そのため除籍された方は、結婚前の元の戸籍に戻るか、自身の単独の新しい戸籍を作るか選択する必要があります。
元の戸籍に戻る場合には、離婚届の「離婚前の氏にもどる者の本籍」で、「元の戸籍にもどる」をチェックします。
新しい戸籍を作る場合には、「新しい戸籍を作る」にチェックをして、本籍地や新しい戸籍の筆頭者の欄に自分の名前を記載する必要があります。
ただし、この戸籍の手続きはあくまで、夫婦間の戸籍の手続きです。
子どもの戸籍は、両親の離婚によって自動的に親権者の戸籍へ移るわけではないので、子どもの戸籍を元配偶者の戸籍から変更したい場合には別途手続きをしなければなりません。

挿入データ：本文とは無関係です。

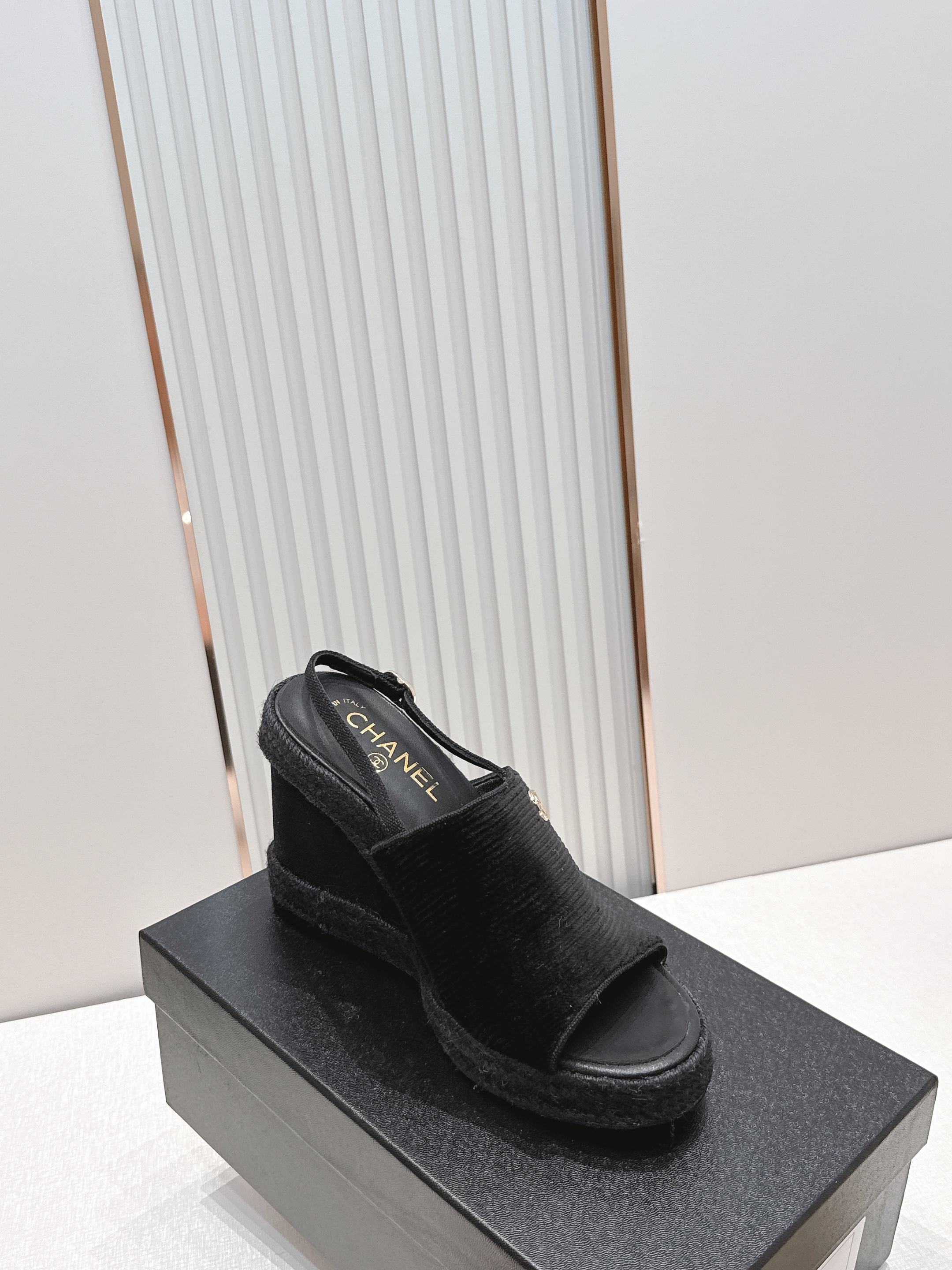 chanel 香奈儿坡跟凉拖,优质皮革+金属双C标志,品牌感满满✨。编织坡跟设计,增高又舒适,日常或度假 chanel 香奈儿坡跟凉拖,优质皮革+金属双C标志,品牌感满满✨。编织坡跟设计,增高又舒适,日常或度假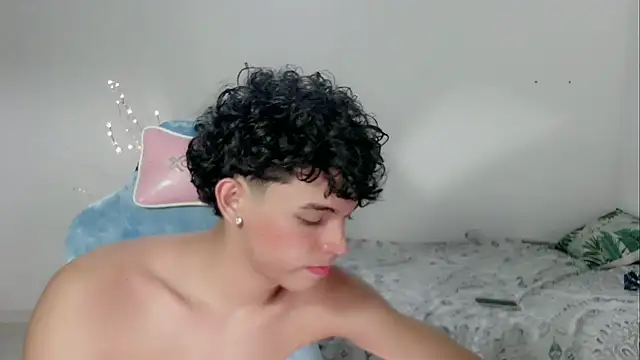 XXX chat uživo modela 2c_Bby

STEP1.家庭裁判所に子どもの氏の変更許可を認めてもらう
子どもの戸籍を離婚前のものから親権者の親の戸籍に入れるためには、家庭裁判所に子どもの氏の変更許可の申し立てを行う必要があります。
どこの家庭裁判所に申し立てればいいのか
子どもの氏の変更許可の申し立ては、家庭裁判所であればどこでもできるわけではありません。

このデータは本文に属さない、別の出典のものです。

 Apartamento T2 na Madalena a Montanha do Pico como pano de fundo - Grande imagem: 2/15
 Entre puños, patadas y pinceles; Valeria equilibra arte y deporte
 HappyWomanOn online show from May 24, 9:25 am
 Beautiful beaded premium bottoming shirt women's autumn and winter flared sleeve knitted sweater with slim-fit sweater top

裁判所はそれぞれ管轄している地域があるので、子どもの住所地を管轄している家庭裁判所に申し立てる必要があります。
住所地とは、生活を拠点にしている場所のことを指します。
子どもの氏の変更許可に必要な書類とは?
子どもの氏の変更許可を行う場合、次の書類を準備する必要があります。
- 氏の変更許可の申立書
- 申立人(子ども)の戸籍謄本
- 父・母の戸籍謄本
離婚で氏の変更許可を行う場合、3の戸籍謄本は、離婚していることが分かるものを準備しましょう。
なお、複数の子どもの氏変更の許可を行いたい場合、15歳未満の子どもの場合には1の氏の変更許可の申立書は1枚で手続きできますが、15歳以上の子どもの手続きするときは、人数分の申立書が必要になります。
氏の変更許可にかかる費用は?
氏の変更許可の手続きを行う費用は次の通りです。
■申立て費用…子どもひとりにつき800円分の収入印紙
■郵便切手…84円(※)
■戸籍謄本…1通につき450円
※管轄の家庭裁判所によって異なる場合があるので事前に確認が必要です。
上記以外に家庭裁判所から追加で書類の提出を求められたときは、別途手数料が必要な場合もあります。
家庭裁判所から氏の変更許可が通知される期間とは
子の氏の変更許可を申し立てから家庭裁判所が審理を行い、実際に許可が出るまでは大体1週間前後といわれています。
また、管轄の家庭裁判所によっては、即日審判といってその日のうちに許可が出ることもあります。
ただし、事案が複雑な場合には、許可が下りるまで相当の時間がかかるケースもあるので注意が必要です。
STEP2.お住まいの地域の役所に入籍届を出す
子どもの戸籍変更の手続きは、家庭裁判所からの変更許可だけでは戸籍が変わったことにはなりません。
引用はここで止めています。